Action item :: Return all of the entries below, word for word. Omit each picture.

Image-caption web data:
■ ■ ■
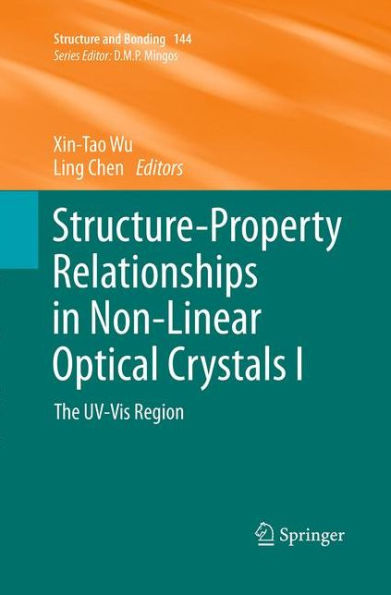 Structure-Property Relationships in Non-Linear Optical Crystals I: The UV-Vis Region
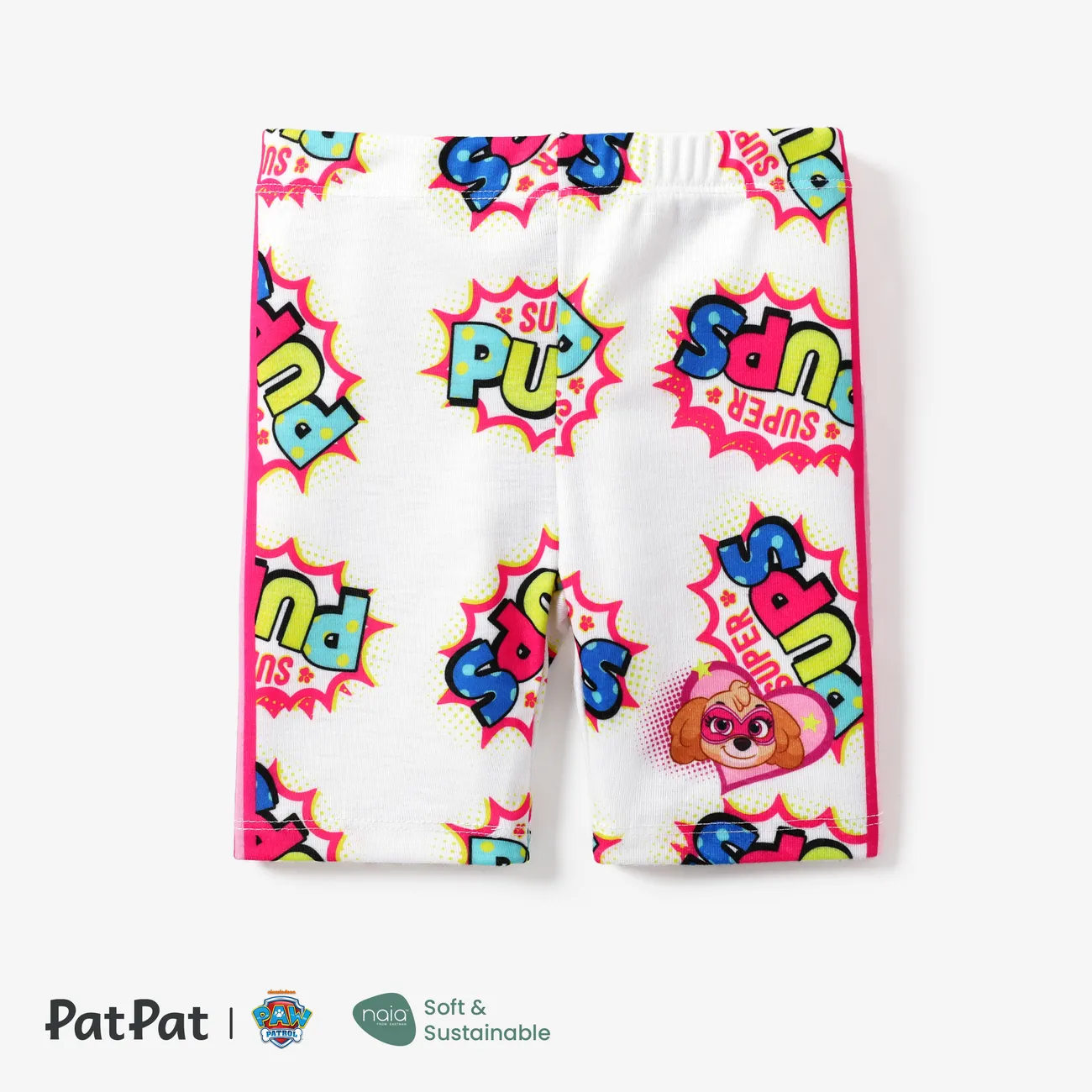 PAW Patrol 1pc Toddler Girl Naia™ Polka Dots Character Print Leggings PinkyWhite big image 1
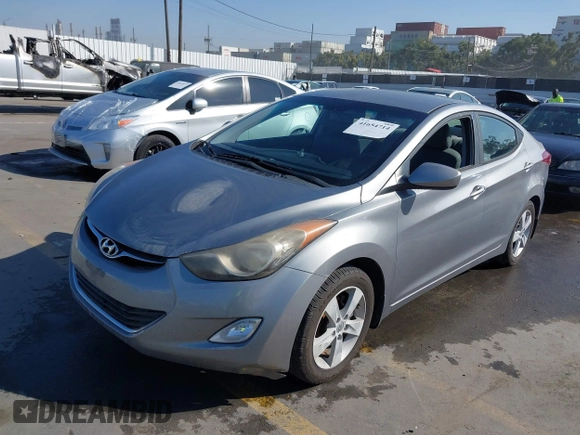 2012 Hyundai Elantra GLS with VIN KMHDH4AE9CU427178, listed as a IAAI auction lot 41654714 with 94,243 mi miles and . Bid and sale history available at DreamBid. Image 2.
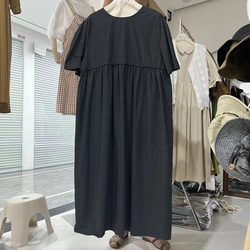 新品　綿麻ワンピース　フリーサイズ　厚め 1枚目の画像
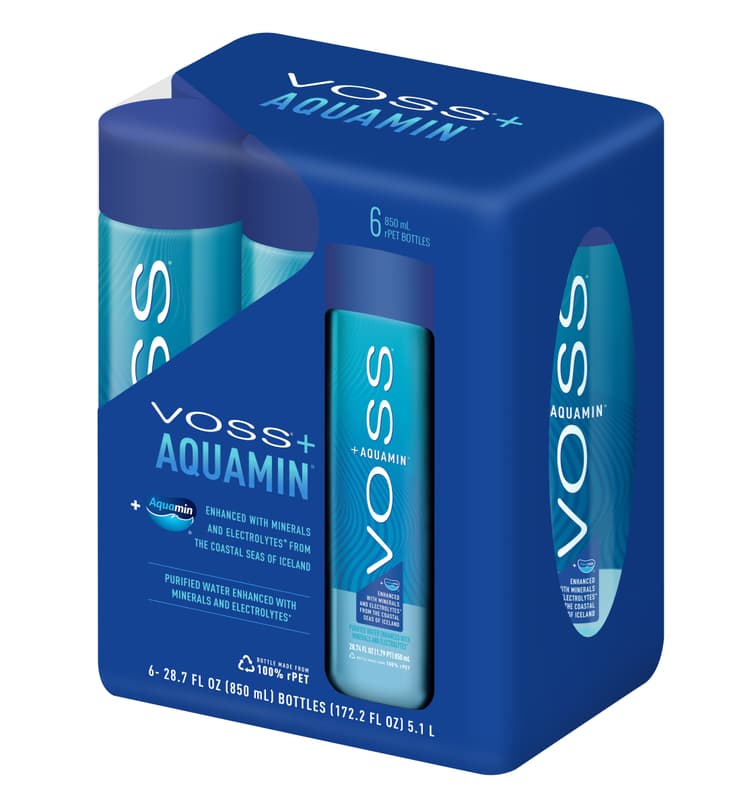 Voss Plus Enhanced Water With Aquamin, Oz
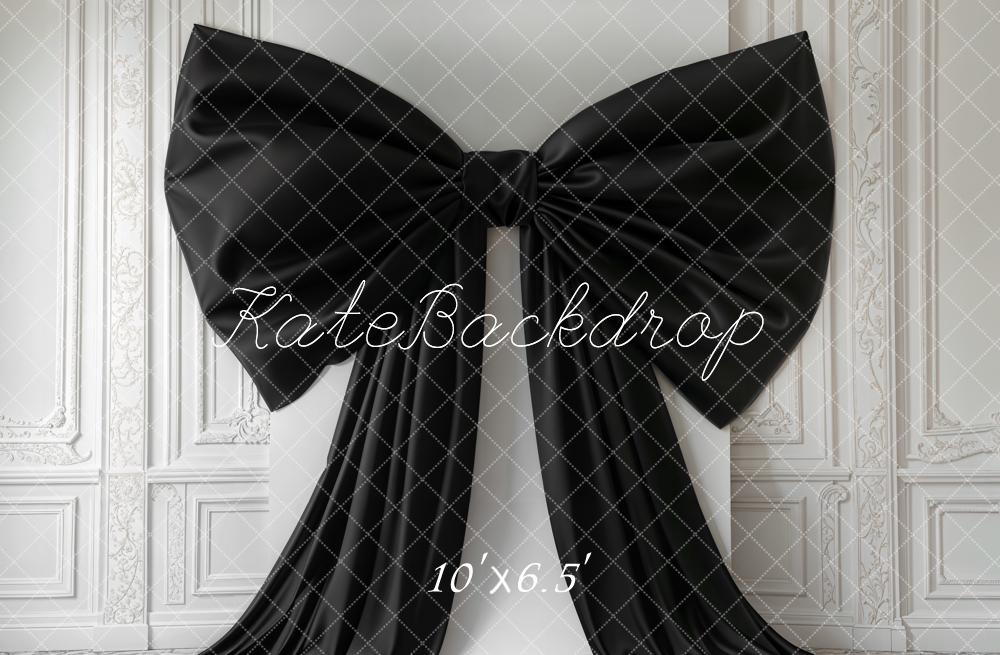 Kate Elegant Black Bow Retro Wall Backdrop Designed by Emetselch - Image 4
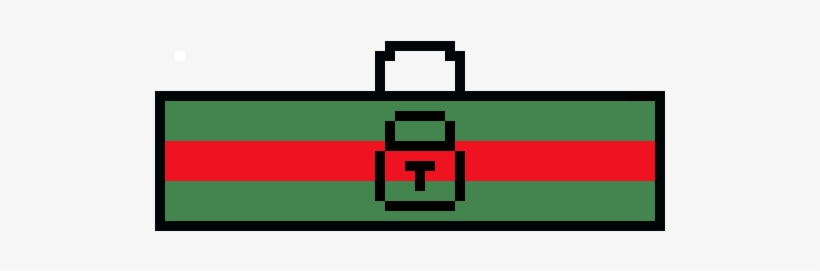 Gucci Fire Box - Pixel Art, transparent png download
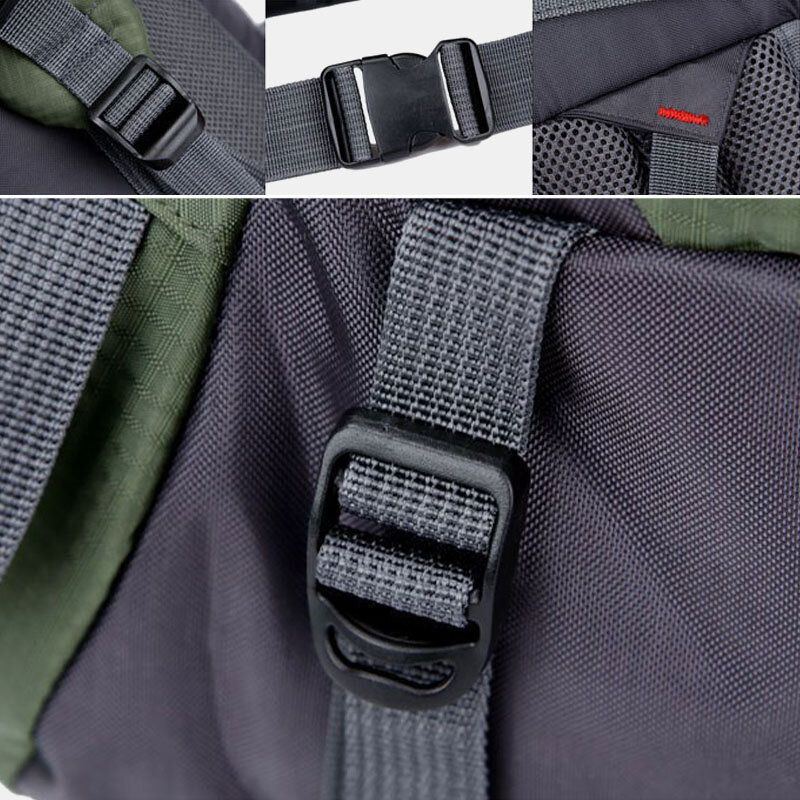 Herren Rucksack Mit Großem Fassungsvermögen 40 L Mehreren Taschen Kratzfest Belastbar Bergsteigen Multifunktionsschnalle Outdoor Rucksack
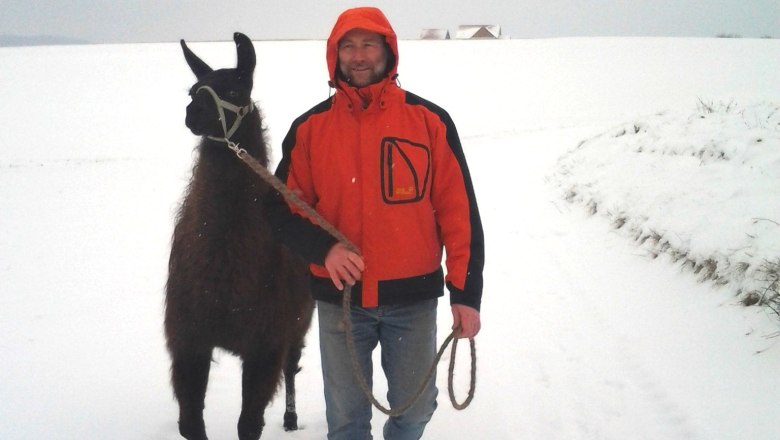 Llama hike, © Kleindienst Llama hike, © Kleindienst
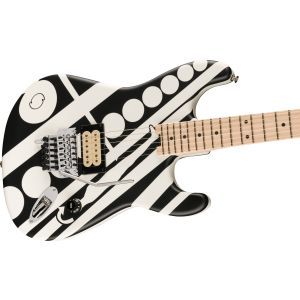 EVH Striped Series Circles White and Black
■ ■ ■
Solution ::
 Structure-Property Relationships in Non-Linear Optical Crystals I: The UV-Vis Region
 PAW Patrol 1pc Toddler Girl Naia™ Polka Dots Character Print Leggings PinkyWhite big image 1
 2012 Hyundai Elantra GLS with VIN KMHDH4AE9CU427178, listed as a IAAI auction lot 41654714 with 94,243 mi miles and . Bid and sale history available at DreamBid. Image 2.
 新品　綿麻ワンピース　フリーサイズ　厚め 1枚目の画像
 Voss Plus Enhanced Water With Aquamin, Oz
 Kate Elegant Black Bow Retro Wall Backdrop Designed by Emetselch - Image 4
 Gucci Fire Box - Pixel Art, transparent png download
 Herren Rucksack Mit Großem Fassungsvermögen 40 L Mehreren Taschen Kratzfest Belastbar Bergsteigen Multifunktionsschnalle Outdoor Rucksack
 Llama hike, © Kleindienst Llama hike, © Kleindienst
 EVH Striped Series Circles White and Black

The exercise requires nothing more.